And then he put in the boot. “What kind of a treacherous person are you?” he asked, glaring at me, because of course he knew that his ex-wife had invited me over for mince pies on Christmas Eve and I had accepted.

In fact, I was on her sofa enjoying a hot whiskey with the mince pie when the phone rang. The son answered it, and I knew it was the General, because the son said, “Do you want to speak to Ma?”

But the caller didn’t want to speak to anyone.

Then the son said, “You’ll never guess who is sitting on the sofa eating a mince pie.”

That was a mistake. I could have done without that. So when I called to the General last week he saw me as a turncoat. Such are the lines that get drawn when a husband and wife go to war.

I suggested we go for lunch to the Greville. Eventually he agreed. As we walked down the street, a line of young women in anoraks approached and not one of them glanced in his direction.

In the hotel foyer I noticed that he had become stooped, his head bowed, his peak cap covering his eyes so that he could not be recognised.

It was difficult to get a subject we could both talk about with ease. So eventually I mentioned the cat again.
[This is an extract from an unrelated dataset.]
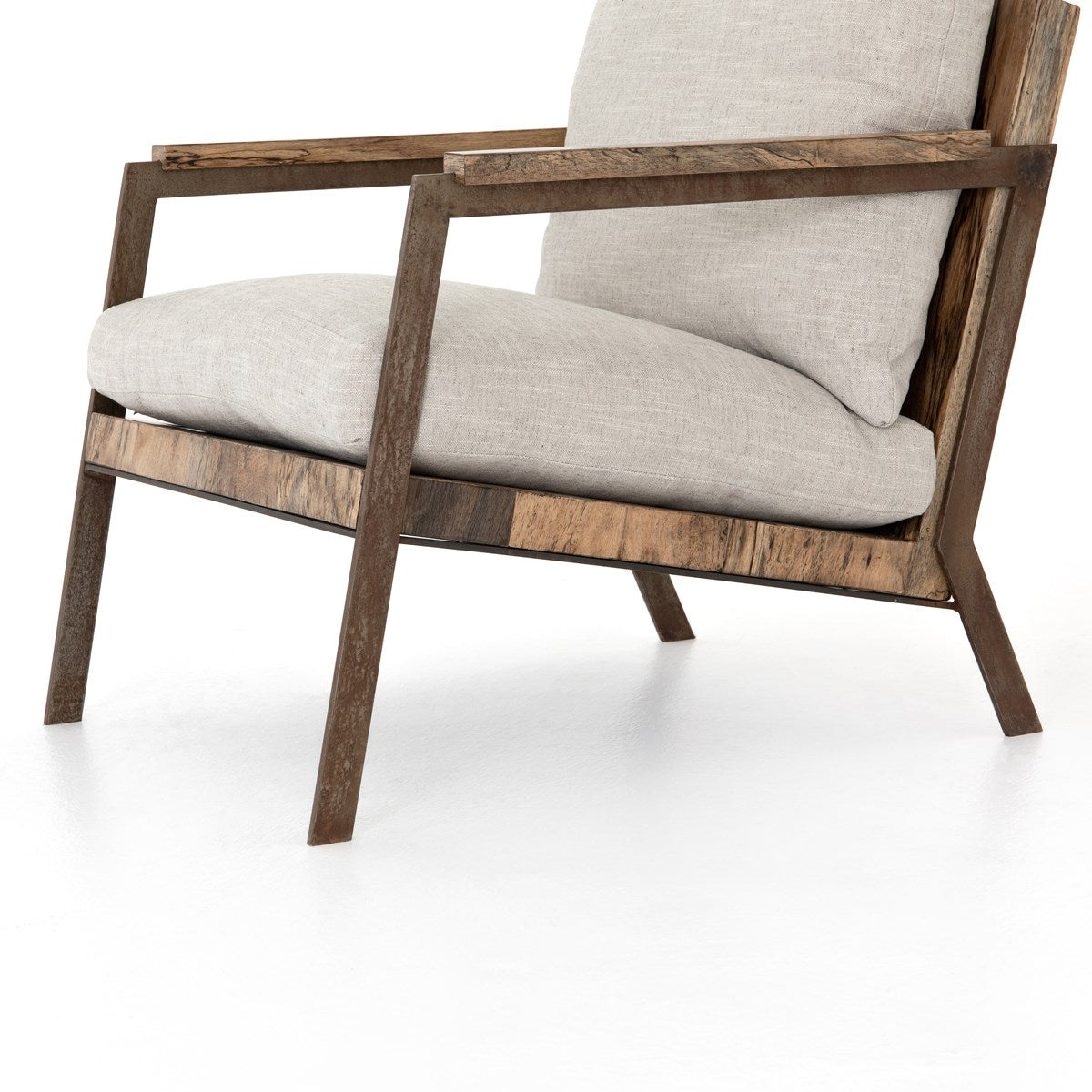 Zoey Chair-valley Nimbus Chair Four Hands     Four Hands, Burke Decor, Mid Century Modern Furniture, Old Bones Furniture Company, Old Bones Co, Modern Mid Century, Designer Furniture, https://www.oldbonesco.com/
“Two years ago,” I said, “the neighbours’ black cat got bored with being a house pet, so he decided to leave. He was a young cat then, with fierce claws and strong legs and a ferocious mouth when he chose to chew the skull of a mouse or to hiss at the dog. So the wilderness beckoned.
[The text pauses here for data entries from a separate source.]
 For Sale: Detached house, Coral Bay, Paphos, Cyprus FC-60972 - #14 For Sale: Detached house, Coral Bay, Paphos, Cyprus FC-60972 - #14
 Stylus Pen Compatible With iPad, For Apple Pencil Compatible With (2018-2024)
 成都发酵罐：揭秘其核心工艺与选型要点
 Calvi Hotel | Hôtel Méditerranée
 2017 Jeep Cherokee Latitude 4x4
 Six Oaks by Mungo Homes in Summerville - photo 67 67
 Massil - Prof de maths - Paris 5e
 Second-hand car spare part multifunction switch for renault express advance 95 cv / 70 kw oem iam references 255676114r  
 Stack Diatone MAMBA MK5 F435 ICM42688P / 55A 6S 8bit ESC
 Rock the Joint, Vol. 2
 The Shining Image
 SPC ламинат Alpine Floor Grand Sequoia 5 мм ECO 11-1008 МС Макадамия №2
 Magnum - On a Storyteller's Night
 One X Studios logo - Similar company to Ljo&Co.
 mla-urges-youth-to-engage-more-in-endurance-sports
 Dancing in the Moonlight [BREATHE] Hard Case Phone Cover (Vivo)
“One night he ate an unusually large feed of Whiskas, walked towards the back door and then strolled casually down the avenue without looking back.”
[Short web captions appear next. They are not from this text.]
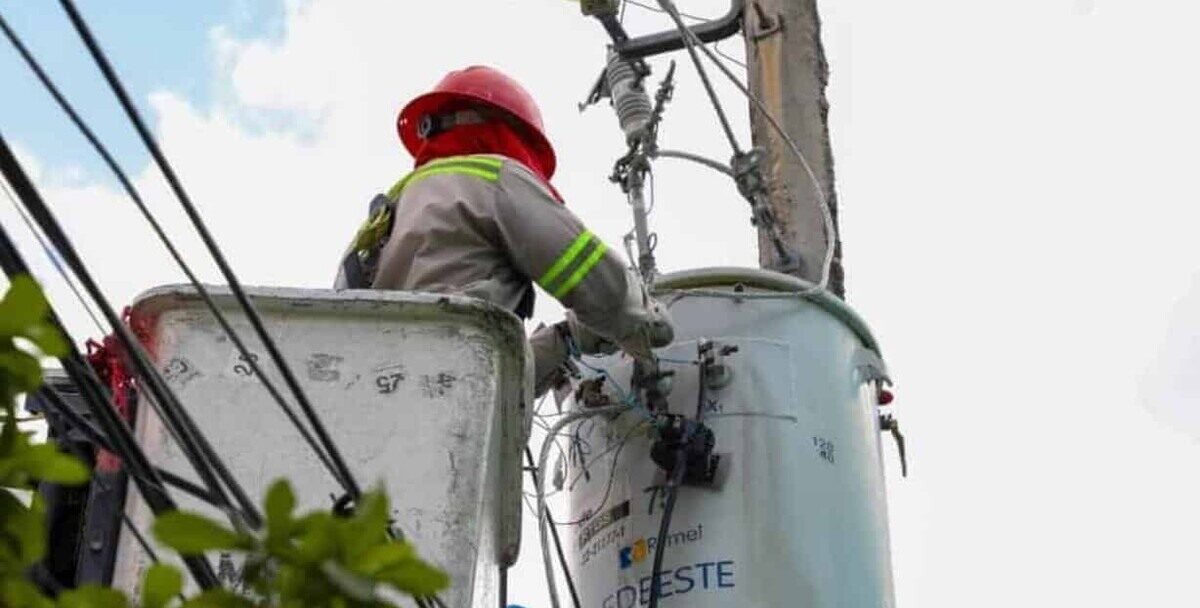 Distribuidoras de electricidad en RD: Retos y cifras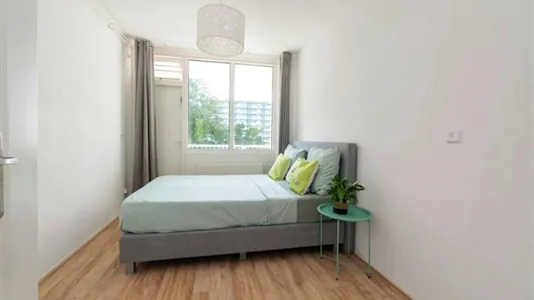 Houses in Amsterdam Amsterdam-Zuidoost - photo 9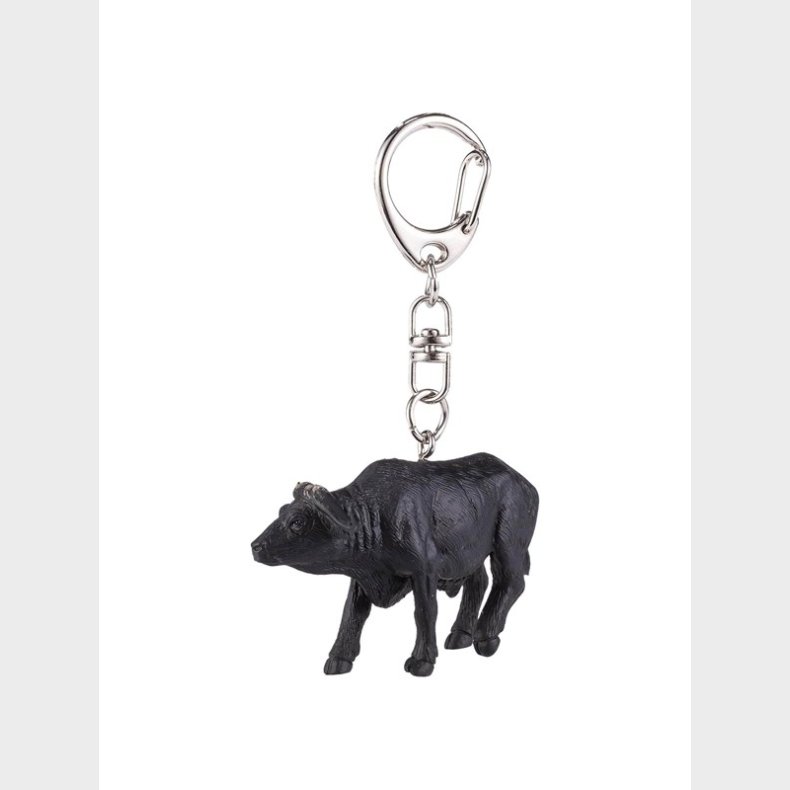 Mojo Keychain Cape Buffalo - 387491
“What is so interesting about that?” the General asked.

“Well, over the past two years there have been many sightings of this black cat along the laneways at night and in the headlamps of oncoming cars, or in the hay barns in summertime or occasionally looking in the window of the house of an old woman. She had one little dainty tabby but no sentimentality for feral toms and she flung a saucepan of boiling water through the window at him. Maybe he was trying to lure her dainty tabby into the wilderness.”

“Would you get to the point?” the General hissed, his eyebrows like the tails of large squirrels.

“Well, he’s arrived,” I said.

“Who?”

“The black cat. He came to me on Christmas Eve. I was alone in the house and heard him outside the back door. When I opened it he screamed from beneath the car. He was cold, hungry and wet, so I found an old box of dry cat food and poured it into a saucer and left it out in the yard.

“He wouldn’t come to it when I was standing over it, but when I retreated to the back door he edged along the wall and eventually dug in to the food with enthusiasm. The following day I set out more food. For a week we met like this, in the yard, one wild animal and one domesticated human, until eventually he offered me his ears to fondle and rub. And after that the rest was easy.

“So now he has taken up residence in the coal shed,” I concluded triumphantly. “Isn’t that wonderful?”

The General's face grew large with bile and he looked like he had a toothache as he leaned over his dinner plate to face me, like a broken human emerging from the Heart of Darkness.

“I prefer dogs,” he whispered. “Dogs are loyal. Cats are treacherous bastards. They just suit themselves.”